Hybrid Manager HA/DR recovery

Disaster can affect Hybrid Manager (HM) and make it unusable. For example, unavailability of the CSP region for an EKS-based appliance or an outage in a datacenter that makes a hardware appliance unusable can occur. A disaster recovery (DR) option allows you to restore your databases at the point-in-time from your available backups.

HM backups are handled with Velero.

There are two possible scenarios for recovering HM:

  • Restore HM to original location: You have two data centers (DC1, DC2), and HM runs in DC1. You need to restore HM from object storage to DC1.

  • Restore HM to alternative location: You have two data centers (DC1, DC2), and HM runs in DC1. You need to restore HM from object storage to DC2.

DR scope

The DR procedures address the following:

  • The Postgres clusters that you created in the appliance.
  • The custom managed storage locations as defined internally in the appliance in the associated s3-compatible storage area.
Note

The DR procedures don't cover the migration components, although you can use them to restore the original appliance transporter-db and migration-db databases.

RTO and RPO

The ability to do any restore, the associated recovery time objective (RTO), and recovery point objective (RPO) depend on the frequency and size of the backups.

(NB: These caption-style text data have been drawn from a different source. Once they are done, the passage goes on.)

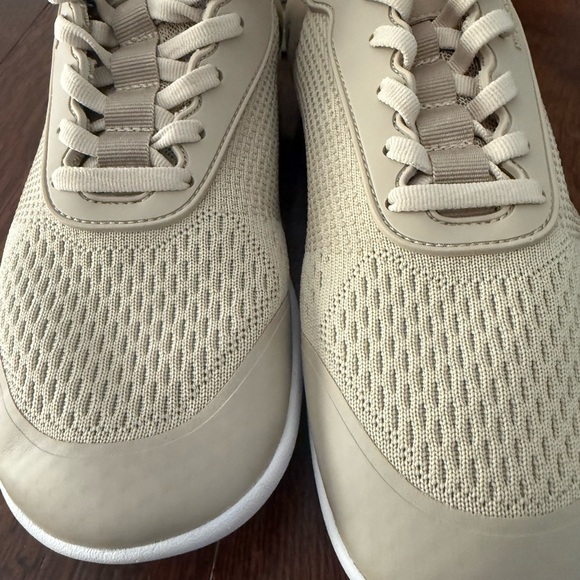 Hike footwear Women's Beige Sneakers Zero Drop Sole size 9/9.5 - Picture 13 of 16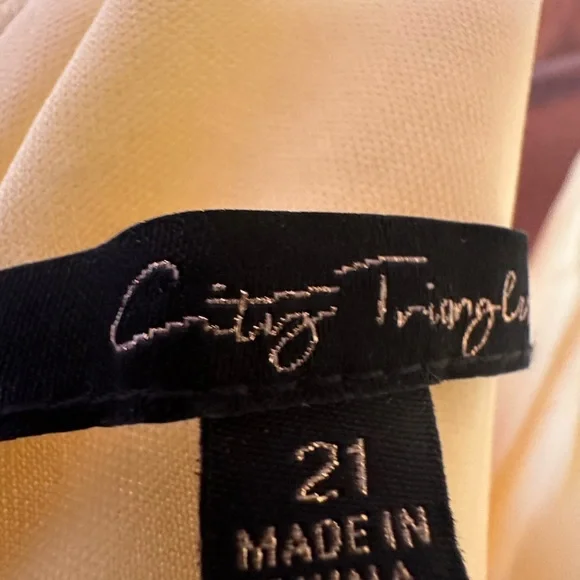 City Triangle size 21 yellow formal long dress - Picture 5 of 5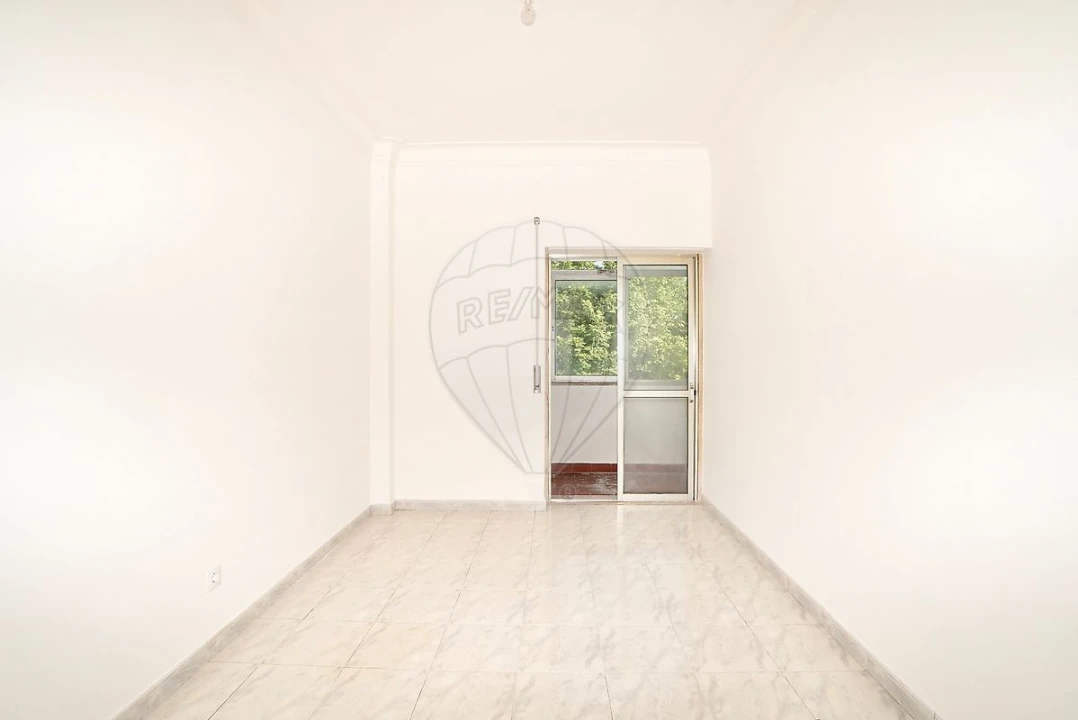 Apartamento T2 para Venda em Póvoa de Santa Iria e Forte da Casa Foto 15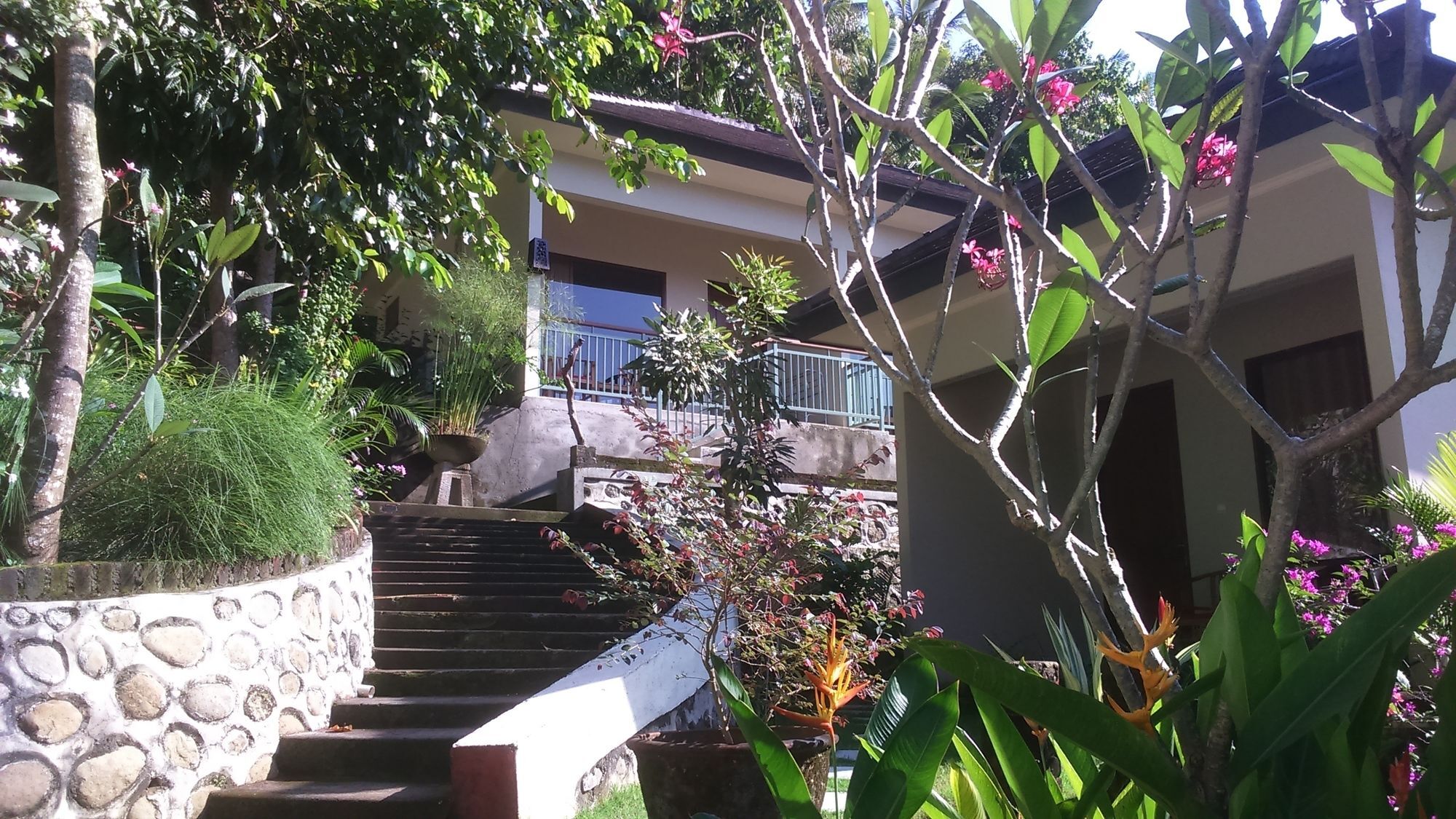 Senggigi Cottages Lombok Exterior photo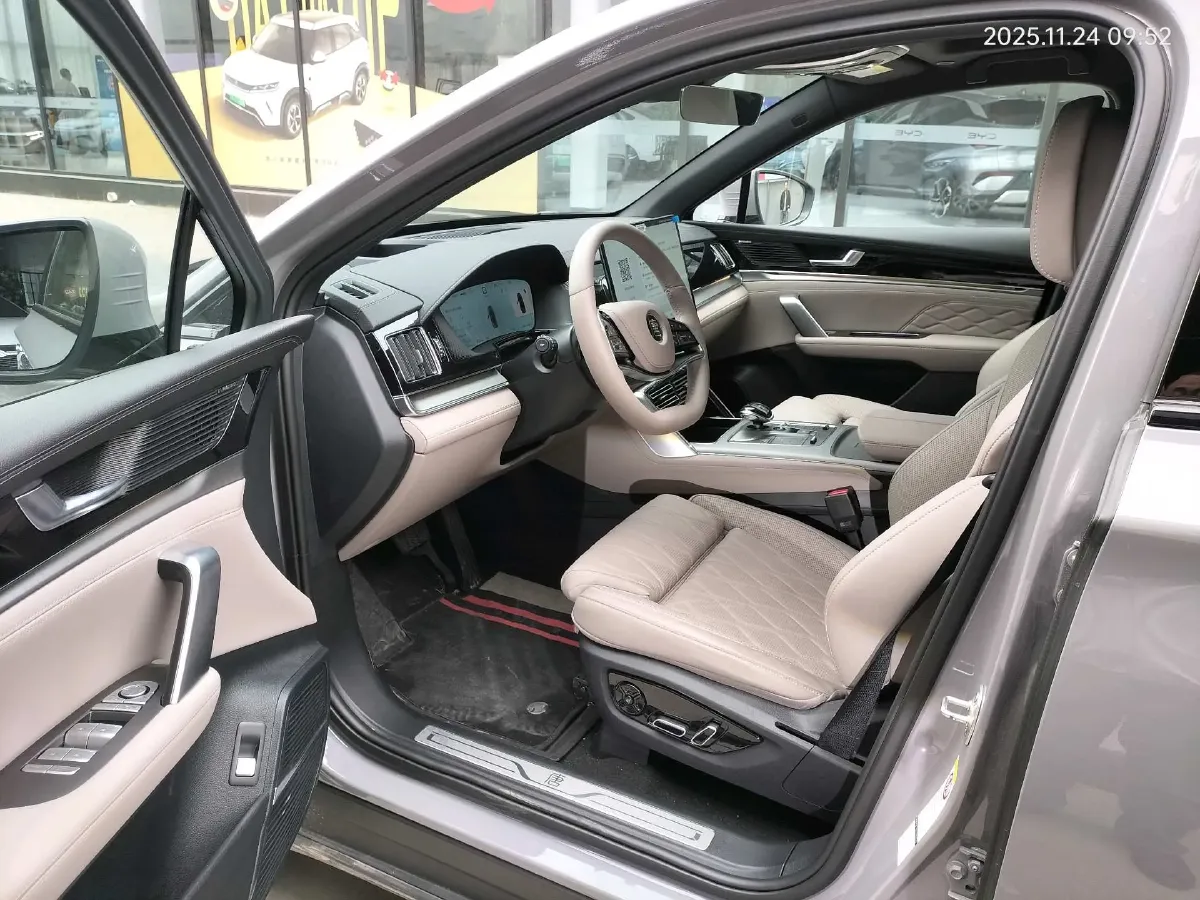 2025 BYD Tang 1.5T 156HP L4 E-CVT PHEV 21.504KWH,autocango,china used car exporter,china ev exporter,chinese used car exporter,chinese used ev exporter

As those factors have significant variation depending on the criticality assigned to the environment and the nature of your data, you don't know RTO and RPO values in advance. We recommend that you properly prepare the environment and perform periodic disaster recovery exercises to ensure your RTO and RPO requirements can be met.

Backup readiness

Each appliance has a linked s3-compatible storage that stores:

  • Internal backups (HM appliance data)
  • Postgres backups (Postgres database backups)

You can also define custom storage locations in the same bucket to be used in the platform.

All of this data needs to be available after a disaster. Depending on the criticality of the data and the level of disaster that you want to be able to recover from, you’ll need to replicate this data outside of the CSP region or physical datacenter where the appliance resides.

Tip

When using an AWS S3 bucket, you can achieve replication by using cross-region replication.

Postgres databases use continuous backup by default, so you can restore them at any point in time. They are limited only by backup lifecycle policies.

Critical appliance data, such as the definition of the Postgres clusters, is stored as Kubernetes objects and included in the Velero backup. By default, this backup happens daily at 23:00, as defined by the default schedule velero-backup-kube-state.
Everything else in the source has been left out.